Deborah Harry: Jackie seems nonjudgmental to me. The people there come on to me in a normal way--they don't put me in an isolated position. And the creative and theatrical things they put on there are entertaining and smart and diversified. It's an all-out onslaught against the arts! [Laughs]
Deborah Harry biographer Cathay Che: Debbie and Chris Stein--who met his new wife, Barbara, at Jackie--are so comfortable there, they refer to it as "the club." Once, when the line for the bathroom was too long, Debbie squatted in the hallway and relieved herself on a "Night of a Thousand Stevies" flyer. She won a Jackie Award for Best X-rated Performance and gave a memorable acceptance speech: "This means more to me than a good bowel movement!"
Alexis Arquette: I won a Jackie Award for Best Live Sexual Performance for a blow job as performance art in the john [recorded by the bathroom-cam]. Receiving the award was the low point of my moral life and the high point of my social life. Maybe it was appropriate that it was in the Meatpacking District!
Alexander: Most recently, Kate Moss was at Jackie. She was out of rehab. Of course I got her drinks.
Valenti: Some people can be so legendary at Jackie and not into the celebrity circle at all. They're famous for very obtuse things, like they once had a pee stain on their pants as they grinded their jaw, standing there telling me they're leaving me their whole estate. The guy becomes known as "Pee Stain" and could be a legend at Jackie but known to anyone on the outside--except auteurs.
Alexander: I think it's great they want to end it. Who else should call the shots but the Empress and Daddy? It's better this way than ending with some weird, tragic accident or because no one comes anymore.
Boots:It's time. It's not like we're fed up with it, but it does belong to the '90s and I don't want to get to the point where we do it because we have to.
Move: When we first brought Jackie there, everything made sense. There was nothing else on the block except the whores and the bagel shop. The neighborhood now represents the worst the city has to offer: second-rate galleries and silly restaurants.

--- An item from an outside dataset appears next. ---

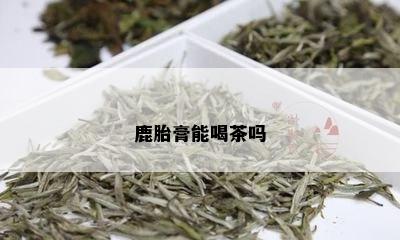 鹿胎膏能喝茶吗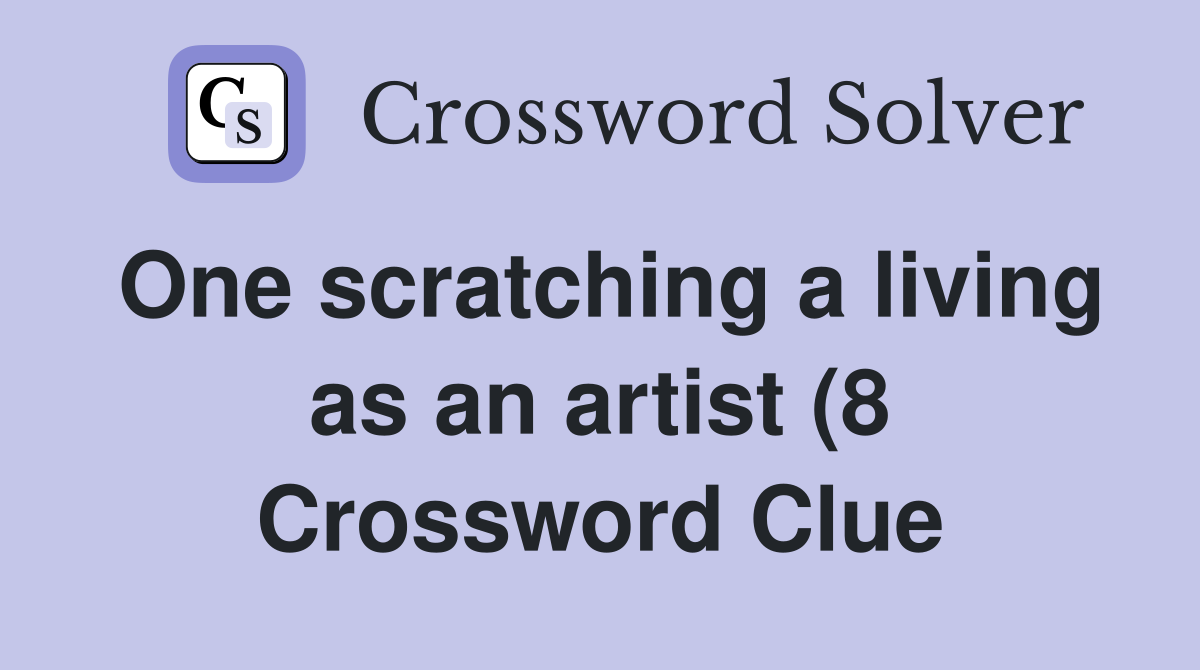 One scratching a living as an artist (8) Crossword Clue Answers One scratching a living as an artist (8) Crossword Clue Answers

Valenti: A lot of people, when they hear anything's closing, assume it's because of Mayor Giuliani [who's aggressively cracked down on club]. That has an effect on everyone's psyche and makes us question whether we should do this work in New York. We got so demoralized, we though, "Why are we bothering?" You can't stop progress, but all the people spending $32 on an entree at the restaurant across the street make us have to fight harder to keep things interesting. We came for an element of danger that's almost disappeared. When crackdowns were happening on the trannies in the meat market, you feel that by paying taxes, you're adding to the bureaucracy funding your friends being tortured. But we're really ending Jackie beauce it takes three or four days a week of work and we want to try out other ideas. I don't think we can do better than we've done already. We started in 1990 and the century's closing, and it's better to close it than leave it there.